This semester has been going wonderfully compared to the last, so much so that I don’t really have anything to complain about. Now that I actually have friends we can work on assignments together and I can get so much more help and as a result my grades are dramatically higher, I am dramatically happier and I get to have more of a social life! Life is good.
No more 30 hour classical mechanics assignments, no more Friday nights spent trying to figure out matlab and no more dust! I actually failed my module on dust, but the wonderful exchange coordinator said that I must appeal. So I did and I now have a pass and I am simply beyond relieved. It’s good to know that all of those hours weren’t for nothing.
I’ve also gone from having the worst Astro module to the best. I am thoroughly loving my stellar course, the prof is beyond brilliant and actually engages with the class and talks about the coolest stuff, like the density of the sun is less than water, so if the sun could fit in an ocean it would float! This is possibly my favourite course in all of university, apart from maybe great ideas.
Socially, I’ve been hanging out with couchsurfers more than ever, on a weekly basis pretty much. Sledging is so much fun, it’s great to feel like a child again, it’s also been pointed out to me that I’ve been calling it the wrong name my entire life, but I don’t care. Sledging sounds way better.
I went with the space society to a place called Fingal in the middle of nowhere, expecting an observatory like the one in St Andrews. It turned out to be just a telescope out in the open with a little shack with a heater to huddle in for warmth. The telescope was exceptional however, never have I seen such detail; Jupiter’s rings are stunning, but Orion’s Nebula was captivating, I could see clouds and filaments of… the word that must not be mentioned. It was sublime.

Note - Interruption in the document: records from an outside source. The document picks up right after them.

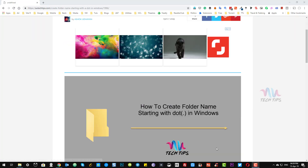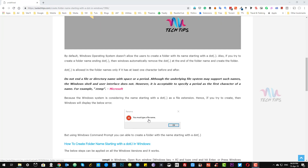If you try to create a folder in Windows Explorer starting with a dot, you will get an error like 'You must type a file name', because Windows by default considers anything starting with a dot as a file extension. So Windows does not allow folder names to start with a dot — even if you enter a folder name with a dot or space, the dot or space will be ignored and the folder name will be saved without it.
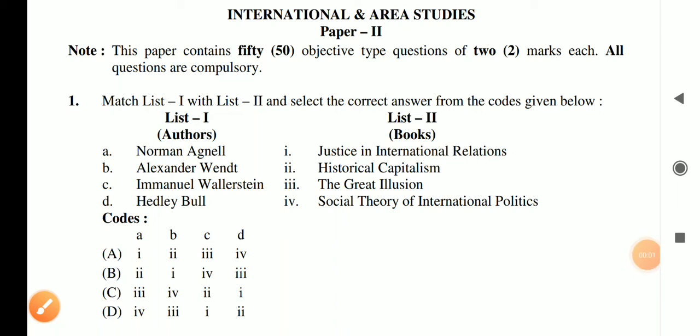Hello and welcome to my channel. In this video I am going to solve the 10 questions of international relations in Area Studies Paper Second of 2014 UGC NET. The first question is: match List 1 with List 2.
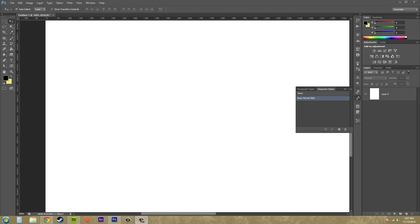Hey everybody, welcome to another Photoshop CS6 tutorial. I'm your host Buddy Blackford and today we're going to start working with text styles — not talking about fabrics or cottons, but paragraph styles and character styles. These basically hold information containing settings for fonts you want to save. A paragraph style is a group of paragraph format settings applied to text, and a character style is a group of format settings applied to text as well.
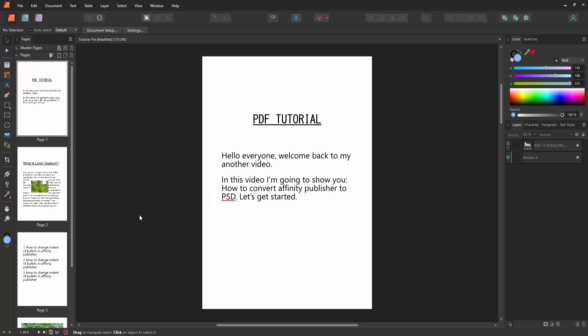Assalamualaikum, hello friends, how are you? Welcome back to my another video. In this video, I'm going to show you how to convert Affinity Publisher to PSD. Let's get started.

Also went to my first rock gig in something like 6 years. It was slightly disconcerting because I was in the front row and there was room for me to dance, there was also no mosh pit. Canadians really are too nice for their own good, they don’t know what they’re missing. I expect to go to a gig a get squished and sweaty and trampled and covered in bruises. That was my only disappointment. Also suddenly felt desperate to be in a rock band and scream my lungs out and dance around on stage.
I also got to partake in a poetry workshop which was the most creative thing I’ve done in months. And the poetry just poured out. Now all I want to do is sing, write poetry and draw naked people.
As a Bobby Jones scholar I also got to dine with the other St Andrews students with some very important people. Such as the President of Western, at least that’s who I think it was… We also got invited to dinner at one of their homes, they house was unbelievable. People under 60 aren’t allowed to exist on the premises for more than a few hours, there’s a golf course and tons of artwork to be impressed about. It also turned out that they know my aunt. Small world.
Another life changing experience is that I’ve become a babysitter. I’m learning how to look after a one and a two year old simultaneously and I’ve learnt that children like to cry. A lot. And there’s usually nothing I can do about it. It is utterly exhausting, I don’t know how anyone can do it full time.
Important thing I’ve learnt about Canadians: when you ask them their nationality they don’t say that they’re Canadian! They’ll say they’re Scottish or Serbian… despite the fact that they’ve never even been to their country of nationality. So what makes Canada Canada if no Canadians actually live there?
I also want to apologise to everyone who ever asks me what my summer plans are, you should stop asking me because you’re making me feel guilty. I’m doing my best to figure out a way to take you all in my backpack. Promise.
But seriously, anyone can do it, what’s stopping you? Stop making excuses and do what you want.